Faut-il s’étonner pour autant de n’entendre aucun bilan critique sur la pensée qui nous vient d’Outre Atlantique. « Du passé, faisons table rase », cette phrase semble être dans toutes les bouches des commentateurs politiques, qui s’empressent de substituer l’espoir généré par l’élection d’Obama à une relecture nécessaire de l’histoire récente et aux conclusions qui s’imposent. L’émission l’Esprit public de France Culture diffusée le 25 janvier était à ce propos ce qu’on peut faire de mieux en termes de caricatures de faux fuyant dans le politiquement correct. Comment ne pas se pencher sérieusement sur la constatation essentielle qui ressort de l’étude des fondements de cette crise ? Les États-Unis sont-ils entrés dans une phase d’affaiblissement durable en raison du poids écrasant de son endettement, de la faillite d’une partie de son appareil industriel, du coût exponentiel de son potentiel de défense qui ne peut plus être déployé sur plusieurs fronts, de la fragilité de son équilibre interne notamment par la différence de démographie entre populations ? L’Histoire nous enseigne que ce type de changement dans la vie des empires modifie à terme la face du monde.

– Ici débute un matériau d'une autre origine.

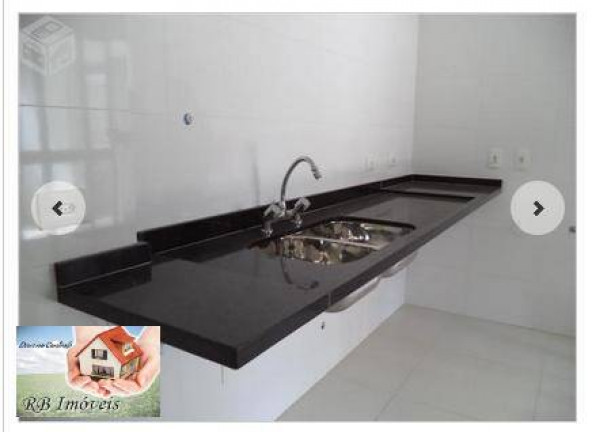 Imagem Apartamento com 3 Quartos à Venda, 299 m² em Centro - São Bernardo Do Campo Imagem Apartamento com 3 Quartos à Venda, 299 m² em Centro - São Bernardo Do Campo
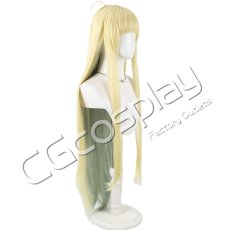 画像3: 超かぐや姫！　かぐや　私服　コスプレウィッグ　コスプレ衣装 (3)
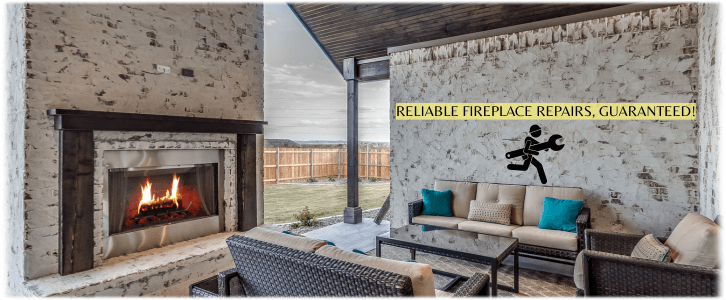 Fireplace Repair San Jose CA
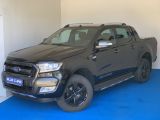 Ford Ranger bei Gebrauchtwagen.expert - Abbildung (3 / 15) Ford Ranger bei Gebrauchtwagen.expert - Abbildung (3 / 15)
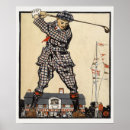 Suche nach golfspiel poster Sport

Il est vrai que la France a eu aussi ses maîtres penseurs sur la question. Je pense en particulier à Bertrand Badie qui a été au cœur de la réflexion sur la notion de puissance dans les cercles de la science politique parisienne. Comme l’indique un document rédigé récemment par des étudiants de l’Ecole de Guerre Economique, une partie des écrits de Bertrand Badie ne résiste pas à l’examen des faits. La Russie en Géorgie, l’Iran en Irak et au Liban, la Chine en Afrique cultivent la pédagogie d’un usage efficace de la puissance remettant ainsi en cause la dialectique d’un Badie qui tenta un jour de démontrer le bien fondé d’un nouveau concept qu’il avait intitulé « l’impuissance de la puissance ». Il est difficile de se tromper à ce point. Le monde du XXIème siècle, frappé de plein fouet par l’effondrement des croyances du modèle américain, n’a pas fini de nous surprendre. On peut comprendre les auteurs américains qui cherchent à influencer par des maladresses théoriques. Cela fait partie du jeu. On comprend moins l’attitude des intellectuels libres de toute mission impériale, qui s’évertuent à nous faire croire le contraire de la réalité. Ces gens-là se drapent la plupart du temps dans le drapeau de l’humanisme. Mais leur combat affaiblit la perception des enjeux qui conditionnent notre vie plus qu’il ne nous renforce l’esprit. Le quiproquo est ancien. La terreur révolutionnaire a depuis longtemps tracé les limites de notre pensée humaniste : pas de liberté pour les ennemis de la liberté. Je n’ai pas l’impression qu’on ait retenu la véritable leçon à tirer de cette petite phrase qui parasite depuis des siècles la lecture que nous faisons des rapports de force internationaux et des dynamiques de puissance.